The Nation:
By Ai-jen Poo and Andrea Cristina Mercado
July 13, 2015
In
the summer of 2010, New York became the first state in the nation to
pass a Domestic Workers’ Bill of Rights. The breakthrough legislation
established strong minimum
standards for domestic workers, culminating nearly seven years of
organizing by a broad coalition anchored by the perseverance, skill, and
creativity of the domestic worker organizations at its center. Since
then California, Massachusetts, Hawaii, and Oregon
have followed with similar legislation, and campaigns are underway in
Connecticut and Illinois. These state initiatives represent historic
progress in the long-running campaign to bring basic recognition and
dignity to this critical workforce. Five years after
that first victory movement leaders at the National Domestic Workers
Alliance (NDWA), an organization we co-founded in 2007, have paused to
reflect on what the legislative strategy has achieved and where we must
go from here.
A LEGACY OF EXCLUSION
Every
generation of domestic worker organizing and activism since the 1930s
has brought attention to the racially motivated exclusion of this
workforce from the protections
of the National Labor Relations Act (NLRA) and the Fair Labor Standards
Act (FLSA), and the impact of those exclusions on their lives. In the
1970s, domestic workers organized successfully to gain protections for
most of the workforce under the FLSA, winning
the right to minimum wage and overtime (with the significant exclusion
of babysitters and workers employed to “provide companionship” to the
disabled and elderly). The NLRA bar to the right to bargain collectively
remains in force to this day.
The
intrinsic power imbalance between employer and employee is heightened
in the context of a private home, compounding the absence of legal
protections. Domestic workers
typically work without a contract. They are routinely given tasks
beyond their job description (when there is one). They work long hours
without meal or rest breaks, are entitled to no paid holidays or
vacation days, are subject to arbitrary termination without
severance pay and theft of wages due, and experience high rates of
injury on the job without access to workers’ compensation or adequate
healthcare. The workforce of nannies, housecleaners, and elder
caregivers is also especially vulnerable on account of race,
ethnicity, gender, and immigration status and limited English-language
proficiency.
The
domestic work industry urgently needs to raise and clarify the baseline
requirements of the employer-employee relationship, both to empower
workers and to hold employers
accountable to the legal and ethical responsibilities of their role.
THE LEGISLATIVE TERRAIN
Movement
leaders determined early on that improving the laws governing the
conditions of employment was a fundamental precondition to transforming
domestic workers’ capacity
to negotiate and demand fairness.
From
the beginning, as domestic workers came together to discuss what they
were experiencing in their workplaces, we were aware of the limitations
inherent in advocating
for legislative change. Given the current dynamics in Congress, the
prospect of moving federal legislation seemed vanishingly remote. Most
state legislative processes are not conducive to democratic
decision-making or worker participation, either. Committee
hearings and votes are often scheduled with less than three days’

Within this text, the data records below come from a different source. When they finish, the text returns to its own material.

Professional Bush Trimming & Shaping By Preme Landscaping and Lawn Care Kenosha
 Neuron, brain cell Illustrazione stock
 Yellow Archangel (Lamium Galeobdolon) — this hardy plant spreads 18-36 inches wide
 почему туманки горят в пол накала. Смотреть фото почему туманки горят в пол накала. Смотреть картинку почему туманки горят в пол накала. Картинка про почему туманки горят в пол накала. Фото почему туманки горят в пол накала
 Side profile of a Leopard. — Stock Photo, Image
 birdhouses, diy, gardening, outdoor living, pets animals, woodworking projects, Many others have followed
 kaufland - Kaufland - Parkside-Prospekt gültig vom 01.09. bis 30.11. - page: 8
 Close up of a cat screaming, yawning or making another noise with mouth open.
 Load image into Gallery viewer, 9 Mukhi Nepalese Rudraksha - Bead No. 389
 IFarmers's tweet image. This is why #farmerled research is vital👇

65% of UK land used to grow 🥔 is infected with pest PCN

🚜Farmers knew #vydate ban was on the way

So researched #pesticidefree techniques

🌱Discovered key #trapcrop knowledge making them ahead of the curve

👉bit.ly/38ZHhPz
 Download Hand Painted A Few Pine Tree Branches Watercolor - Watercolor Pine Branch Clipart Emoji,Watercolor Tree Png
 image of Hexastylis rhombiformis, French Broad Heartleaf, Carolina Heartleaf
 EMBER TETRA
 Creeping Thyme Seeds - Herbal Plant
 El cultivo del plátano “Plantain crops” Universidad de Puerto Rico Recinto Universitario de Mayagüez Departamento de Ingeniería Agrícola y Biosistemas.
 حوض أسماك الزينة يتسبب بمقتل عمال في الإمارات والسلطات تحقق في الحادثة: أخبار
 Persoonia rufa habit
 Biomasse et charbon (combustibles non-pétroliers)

notice, and decisions on amendments need to be made in maddeningly short
timeframes.
Home
base to political actors with conflicting political interests and
divergent obligations to constituents, corporate interests, and donors,
the legislative terrain
is, by its nature, one of compromise. We prepared our members for
negotiation and held lengthy discussions on our priorities and bottom
lines. Many elected officials, and some domestic workers, doubted we
would be able to make any lasting changes. But we were
on a mission to bring domestic workers into the public conversation,
and to win dignity and respect.
When
we decided to campaign for passage of a New York State Domestic
Workers’ Bill of Rights, we were new to the game. Speaking multiple
languages and representing a wide
range of experiences, domestic workers convened in a Manhattan union
hall in late 2003 to craft solutions to the many problematic practices
and outright abuses they encountered at work. Legal experts transformed
their solutions into draft legislation, and
the campaign began in earnest.
Next,
domestic workers and those inspired to join us brought our case to
Albany. We met with legislators, who were often employers of domestic
workers themselves and sometimes
the sons and daughters of domestic workers as well. Women bravely told
their stories of abuse to elected officials, reporters, and one another,
and shared their dreams and vision for dignity. In the course of more
than six years of visiting legislators, educating
committee chairs, and breaking through stalemates, we made painful
compromises. We initially sought a living wage of $14 per hour,
healthcare, paid sick days, paid national holidays, severance pay, and
two weeks of paid vacation. But by the time the bill reached
the Senate floor, a host of provisions had been removed. Each time one
was about to be excised, domestic workers engaged in difficult
conversations about whether we were giving up too much, whether the
compromises constituted a betrayal of principle, and whether
a bill stripped of key provisions was or wasn’t better than no bill at
all. We didn’t always all agree, but the campaign always moved forward.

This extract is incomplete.